▶ _ASSIGNMENT_: What is needed is an exact reproduction of the lines in the records below, starting at the line with "MOONBAT POLO RALPH" and ending at the line with "Perry Ellis Portfolio", both included, and nothing else; pictures stay out.

▶ _RECORDS FOR THIS EXERCISE_:
·····

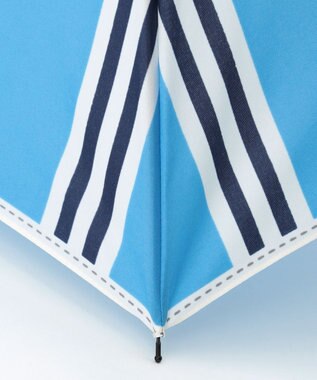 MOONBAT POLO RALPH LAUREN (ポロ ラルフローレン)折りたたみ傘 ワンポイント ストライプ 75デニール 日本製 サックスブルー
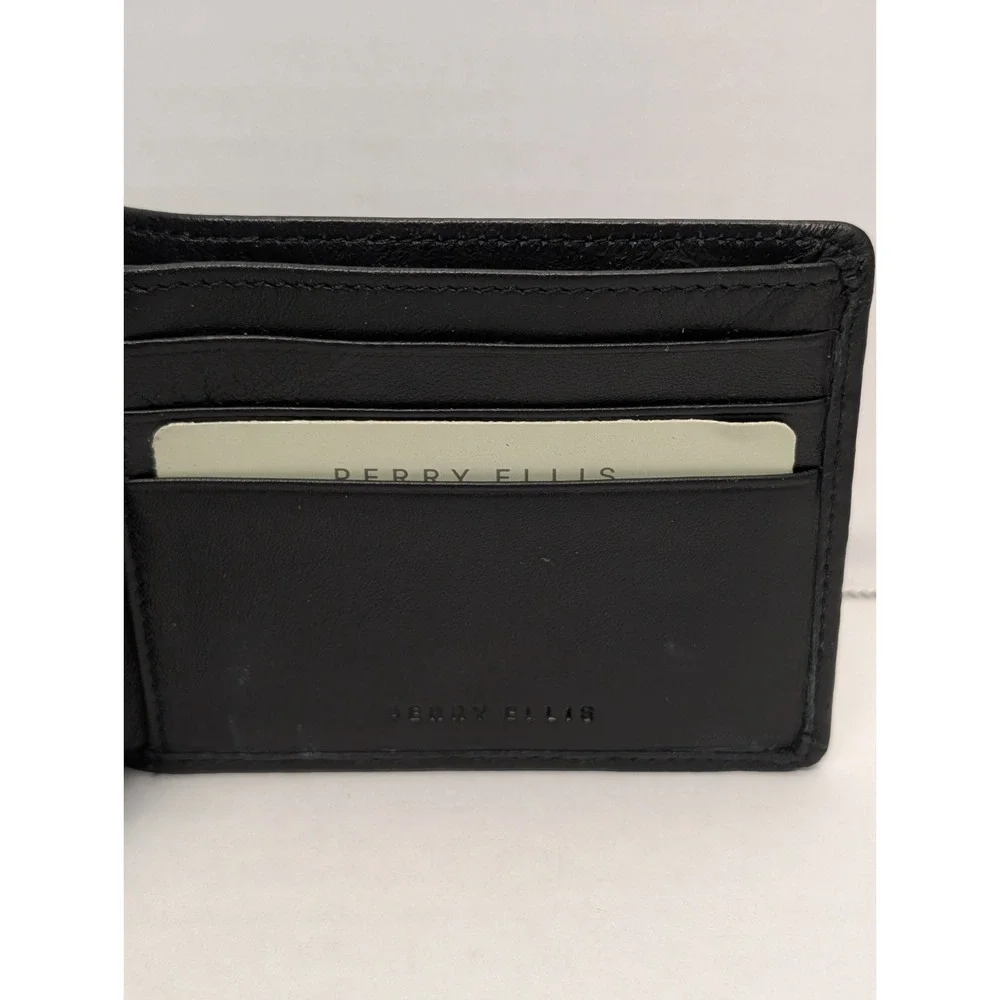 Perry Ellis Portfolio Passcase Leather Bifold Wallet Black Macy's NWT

·····

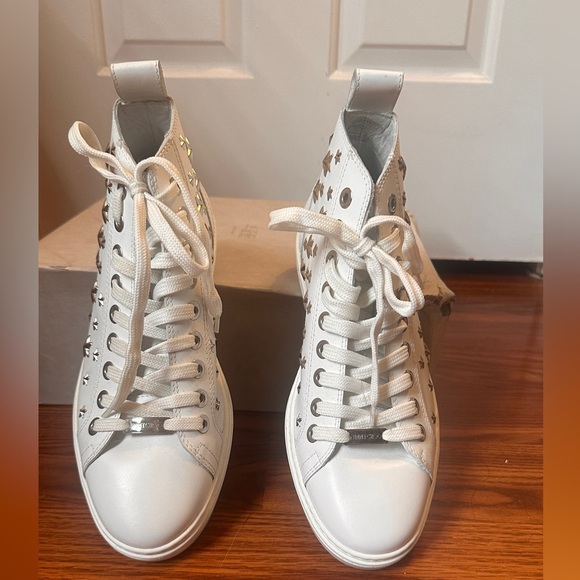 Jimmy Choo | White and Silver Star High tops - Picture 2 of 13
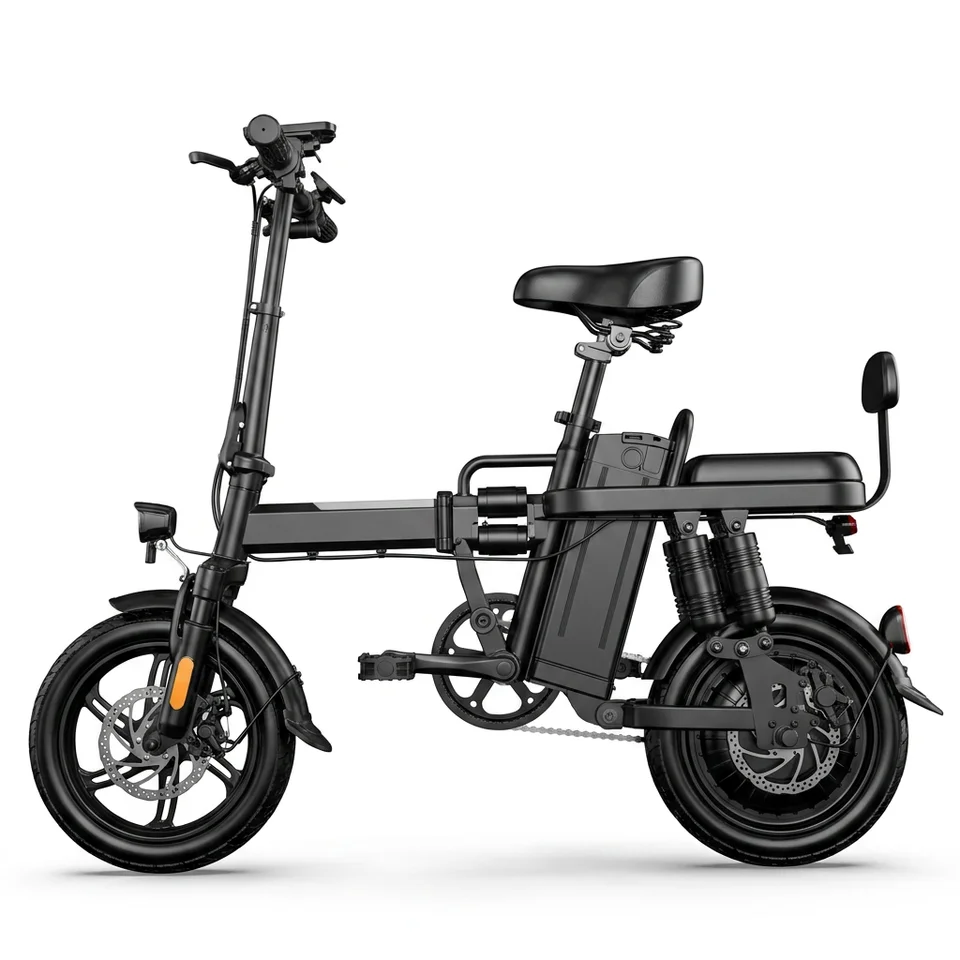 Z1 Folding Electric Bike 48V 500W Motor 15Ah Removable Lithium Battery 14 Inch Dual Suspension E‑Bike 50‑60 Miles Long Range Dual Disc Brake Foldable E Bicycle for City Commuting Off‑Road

·····

▶ _EXERCISE SOLUTION_:
 MOONBAT POLO RALPH LAUREN (ポロ ラルフローレン)折りたたみ傘 ワンポイント ストライプ 75デニール 日本製 サックスブルー
 Perry Ellis Portfolio Passcase Leather Bifold Wallet Black Macy's NWT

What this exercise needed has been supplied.